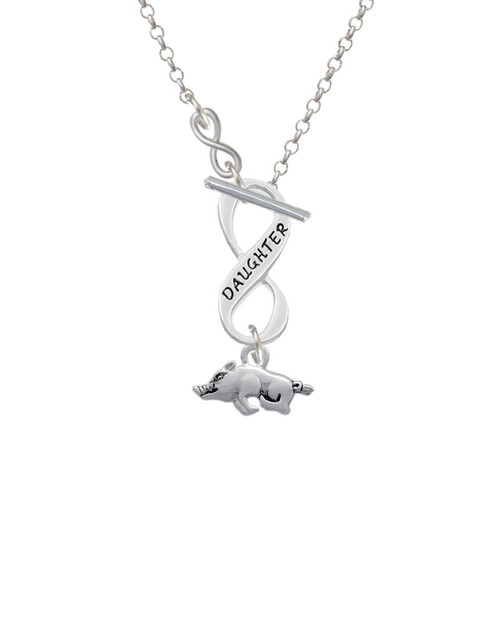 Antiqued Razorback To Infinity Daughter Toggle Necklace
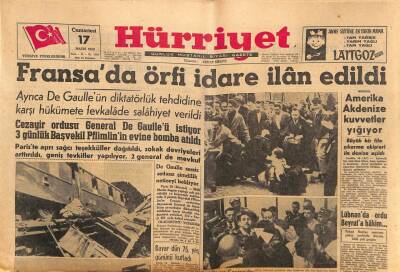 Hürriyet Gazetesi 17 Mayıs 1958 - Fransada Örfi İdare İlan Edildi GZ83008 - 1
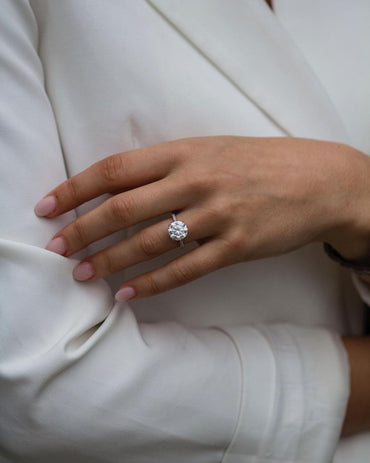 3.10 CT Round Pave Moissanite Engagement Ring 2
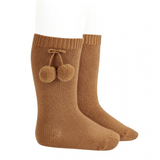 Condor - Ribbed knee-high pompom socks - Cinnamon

→ DESCRIPTION OF THE TASK
Exactly the lines from the one containing "Hürriyet Gazetesi 17" through the end of the data above: repeat those, both ends included, and nothing else. Skip the pictures.

→ ANSWER FOR THIS EXERCISE
 Hürriyet Gazetesi 17 Mayıs 1958 - Fransada Örfi İdare İlan Edildi GZ83008 - 1
 3.10 CT Round Pave Moissanite Engagement Ring 2
 Condor - Ribbed knee-high pompom socks - Cinnamon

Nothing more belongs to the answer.